Glute bridges can be a very effective exercise for the hamstrings with a few adjustments. All you have to do is adjust your foot position to shift emphasis to your hamstrings. It’s a simple yet joint-friendly exercise that’s easy to do at home… and can surprisingly hit your hamstrings hard.

  1. Lie on your back with your knees slightly bent. Your feet should be farther away from your hips than usual. Your heels should be on the ground, and your toes should be pointed up towards the sky.
  2. Place a dumbbell on top of each side of the hips and keep holding them in position with your hands.
  3. Drive your heels into the floor and lift your hips up. At the top, squeeze your glutes and hamstrings. Keep your toes off the ground the entire time.
  4. Pause and squeeze at the top. Using the mind-muscle connection, visualize your hamstring muscles firing and focus on feeling the tension.
  5. Slowly lower your hips back down under control and repeat. Do not let your hips rest on the ground to keep constant tension on your hamstrings.

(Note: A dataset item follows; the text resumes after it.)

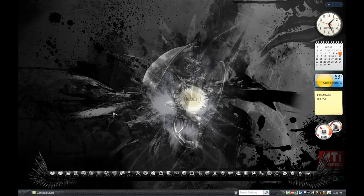Hey, what's up everybody? This is BronNinjaHero38 here, and today I'm going to show you how to change the wallpaper for my Theme Insidia MyTouch HD.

Trainer Tip: Tilt your pelvis upwards and flatten your lower back against the ground at the top. This gets your pelvis out of an anterior pelvic tilt, helping to shift emphasis to your hamstrings instead of the glutes and lower back.

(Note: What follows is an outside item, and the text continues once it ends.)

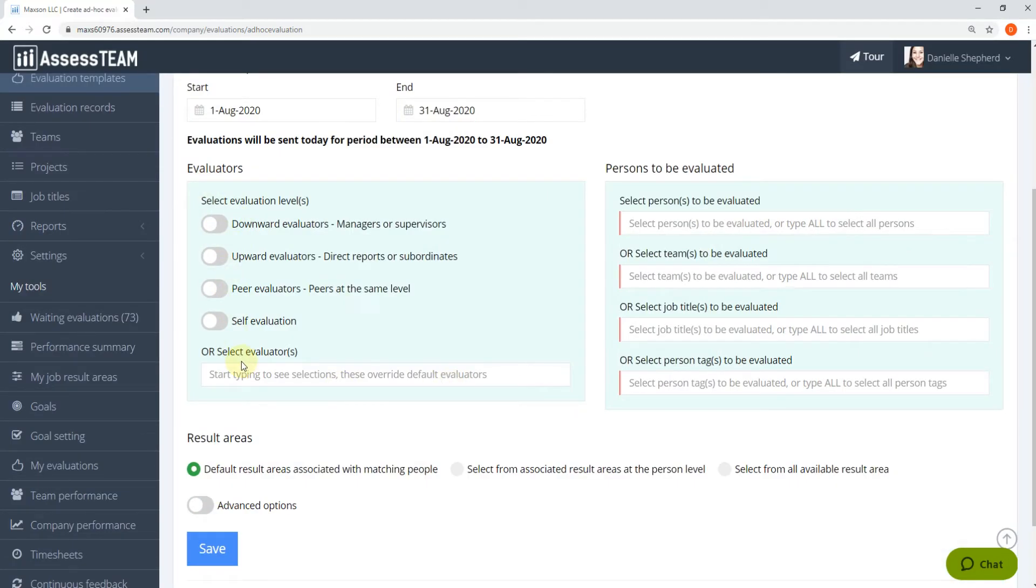Next, from the available evaluation level options, select the self-evaluation option.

How to Get Results With Dumbbell Hamstring Workouts

Perfect Your Form (Mind-Muscle Connection)

If you’re having trouble feeling the exercise and it seems like it’s not working, focus on the mind-muscle connection and your form. A lot of the time, it all comes down to muscle activation issues.

Adjusting your technique (hip position, tempo, etc.) and focusing on form cues (like pushing your hips back more on RDLs) is all you need to feel the hamstrings engage. Try not to rush through movements with poor form. Slow down and feel your hamstrings working.

Focus on Progressive Overload

Progressive overload is when you keep making your workouts and exercises harder so you keep getting results. Otherwise, your body adapts rather quickly, which is fine if you want to maintain, but if you want to keep progressing… then use progressive overload.

Adjustable dumbbells help a lot, making it easier to change the load so you use heavier weights. But if you’re limited by the weight of your dumbbells, you can use these strategies to gradually increase the difficulty to keep challenging your hamstrings.

  • Add reps
  • Add sets
  • Slow negatives
  • Single-leg unilateral variations
  • Short rest periods
  • Supersets
  • Drop sets

Combine Hip Hinge and Curl Movements

You can really hit the hamstrings hard when combining a hip hinge (hip extension) and a curl movement (leg flexion). You can do supersets when you do one right after the other. Or even do drop sets when you say a compound hip hinge RDL and immediately drop to a hamstring curls (isolation).

Frequency and Consistency

If you really want to make quick progress on your hamstrings, then work them out twice per week. Have 2-4 days of rest between hamstring workouts, depending on how sore your hamstrings feel.

Training your hamstrings twice a week will give you the best results. If your hamstrings are a weak point, it’ll take some time to see visible results. Practice patience with steady consistency and effort, and you’ll get great results.